[Input data — start]

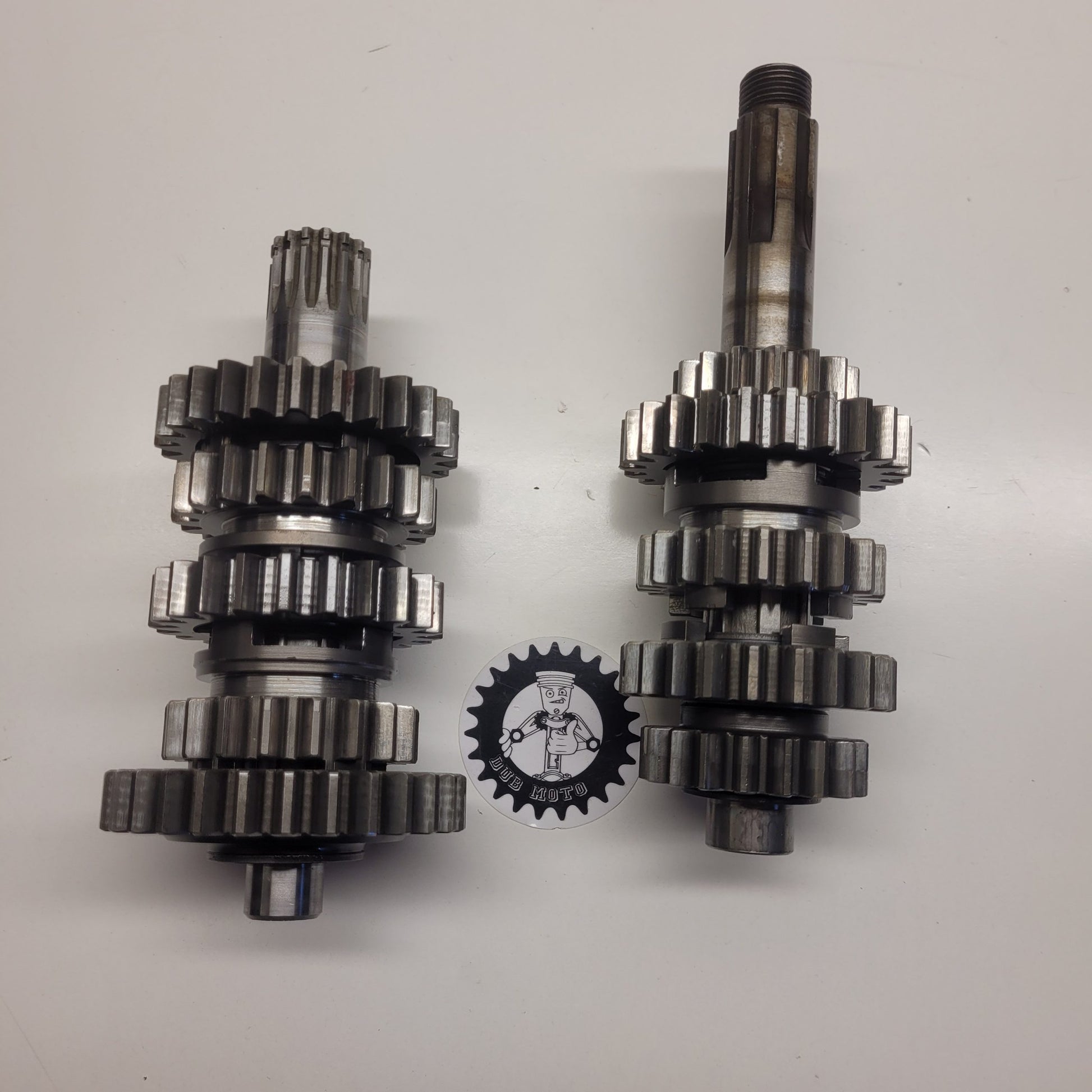 boite de vitesse ktm 300 546-1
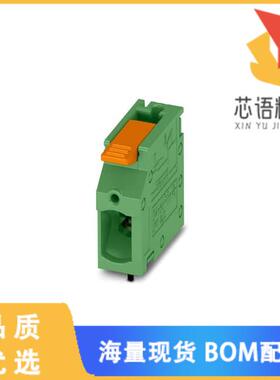 全新1190296原装(PCB TERMINAL B, NOMINAL CURR)正品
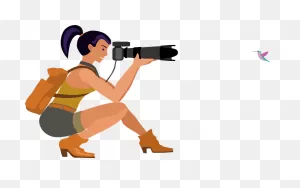 Photographer Clipart. Free Download Transparent .png | ClipartFlare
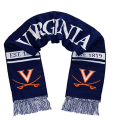 Custom New Design Virginia Cavaliers Scarf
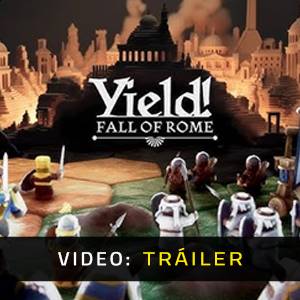 Yield! - Tráiler de Vídeo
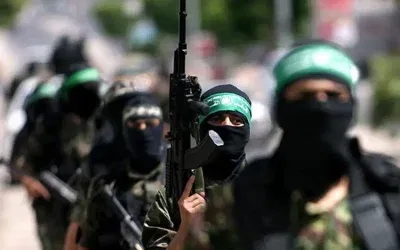 Hamas İsrail askerlerine ağır darbe vurdu: Ölü ve yaralılar var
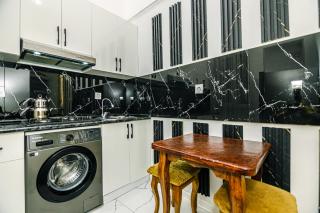 Lux Apartment in Nizami street - 2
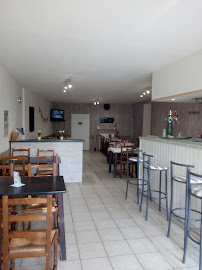 Photos du propriétaire du Restaurant La Prunelle à Saint-Pompain - n°2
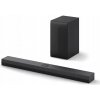 Soundbar LG S70TY 3.1 400W čierny Soundbar LG S70TY 3.1 400W čierny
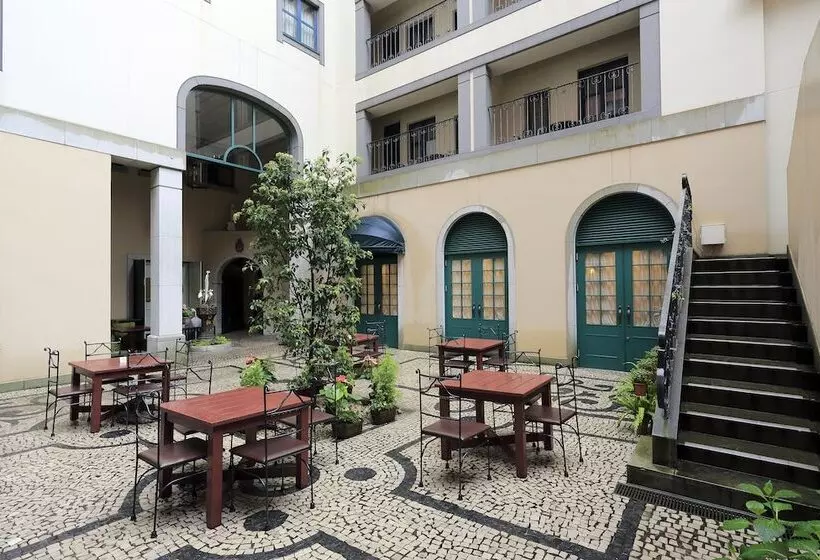 Fotos del hotel Monterey Nagasaki:  6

[Input data — finish]

Restate each line of the records exactly; pictures do not belong in the copy.

 boite de vitesse ktm 300 546-1
 全新1190296原装(PCB TERMINAL B, NOMINAL CURR)正品
 Photographer Clipart. Free Download Transparent .png | ClipartFlare
 Custom New Design Virginia Cavaliers Scarf
 Yield! - Tráiler de Vídeo
 Hamas İsrail askerlerine ağır darbe vurdu: Ölü ve yaralılar var
 Lux Apartment in Nizami street - 2
 Photos du propriétaire du Restaurant La Prunelle à Saint-Pompain - n°2
 Soundbar LG S70TY 3.1 400W čierny Soundbar LG S70TY 3.1 400W čierny
 Fotos del hotel Monterey Nagasaki:  6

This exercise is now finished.